Showtime just got paid in a major, major way.
The Los Angeles Lakers have reportedly agreed to a 20-year television rights deal with Time Warner Cable, an agreement that will provide English and Spanish language broadcasts. Sports Business Journal has the details.
Time Warner Cable signed a 20-year rights deal with the Lakers that will lead to the creation of two new regional sports networks in the L.A. market next year. Time Warner Cable will fully own the two new RSNs -- one in English and one in Spanish. The RSNs will have the rights to pre-, regular- and postseason Lakers games starting with the '12-13 season. Fox, which already operates FS West and Prime Ticket in L.A., had been negotiating to keep the Lakers’ rights on FS West, and sources familiar with the Lakers' proposal to Fox indicated that the team was looking for a $3B, 20-year deal, which averages out to $150M per year.
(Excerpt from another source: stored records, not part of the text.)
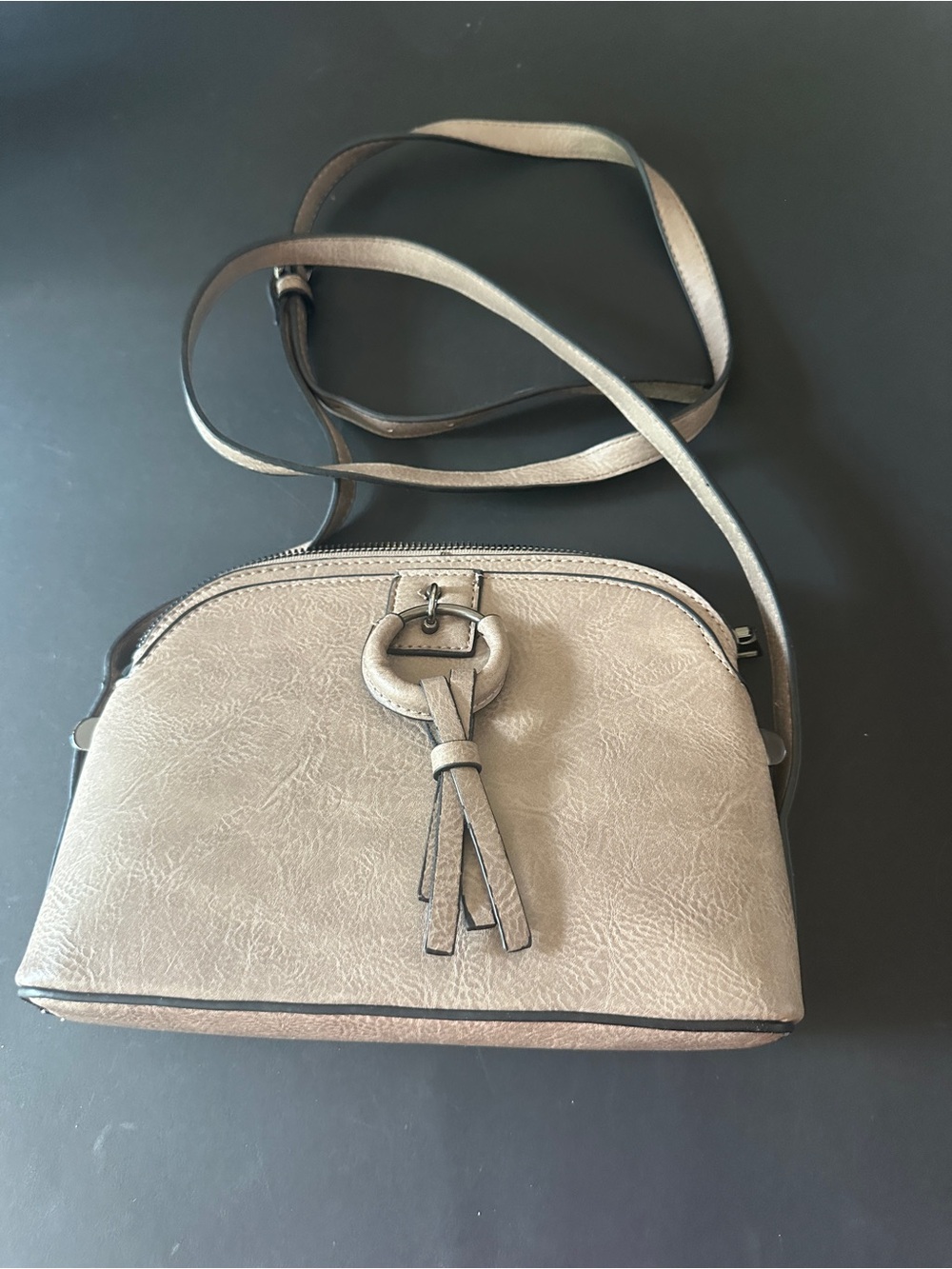Neutral Taupe Crossbody Bag with Tassel Ring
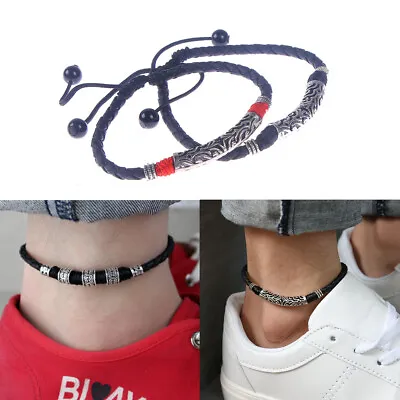 Mens Womens Leather Rope Anklet Ankle Bracelet Barefoot Sandal Beach Foot Chain • £4.07
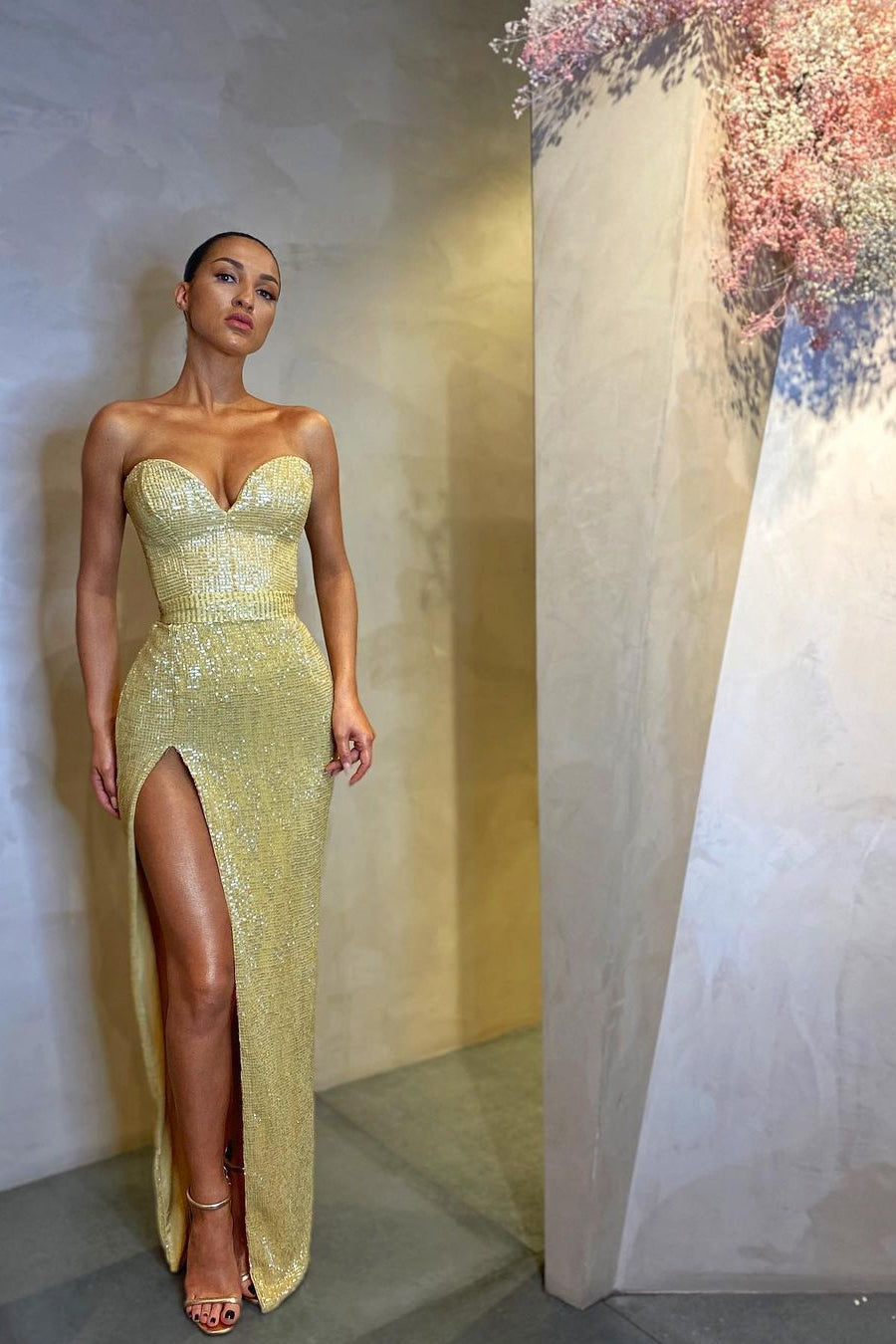 Modern Split Prom Dress Mermaid Sequins Ball Dresses Sweetheart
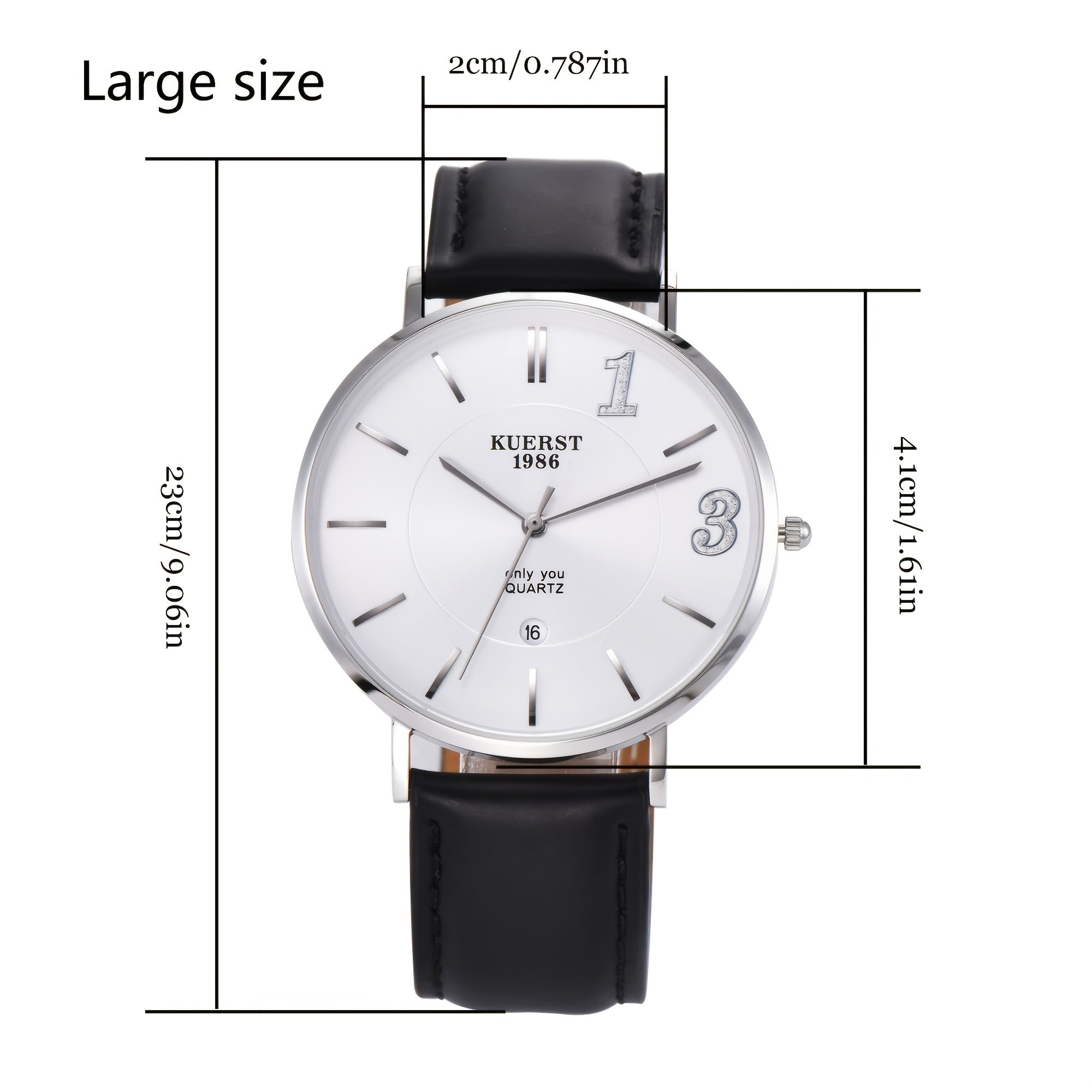 KUERST Ultra Thin Quartz Watch Calendar Romantic Wristwatch Gift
It doesn't take a trained media business analyst to realize that this is as an exceptional deal for the Lakers.
What they sacrifice in future negotiating flexibility by locking themselves up for the next two decades they more than make up for in financial security and pure cash. Sports Business Journal notes that the reported $150 million dollars per year figure is roughly five times more than the $30 million per year the team generates in its current deal.
I think that's called "selling high" in just about any industry. With a potential run at a three-peat this season, Kobe Bryant entering the last 1/3 of his career and a new coach likely taking over next season, now was the ideal time to sell, while LA remains at the top of its fame and game.
By comparison, the small-market Portland Trail Blazers signed a 10-year, $120 million contract with Comcast in 2007. The Lakers are set to make more money in one season from their new agreement than they Blazers will have netted in a decade.
As Sports By Brooks noted this morning, this deal also ensures the Buss family can continue to operate the Lakers profitably throughout the duration of the dail, even if current owner Jerry Buss should pass away. A little peace of mind on top of a giant pile of cash is worth its weight in gold.
Update (9:47 PM): In an email Tuesday night, Time Warner Cable disputed the reported $3 billion figure, a number referenced by the Los Angeles Times, Sports By Brooks, and the Sports Business Journal, but said they would not discuss the terms of the agreement.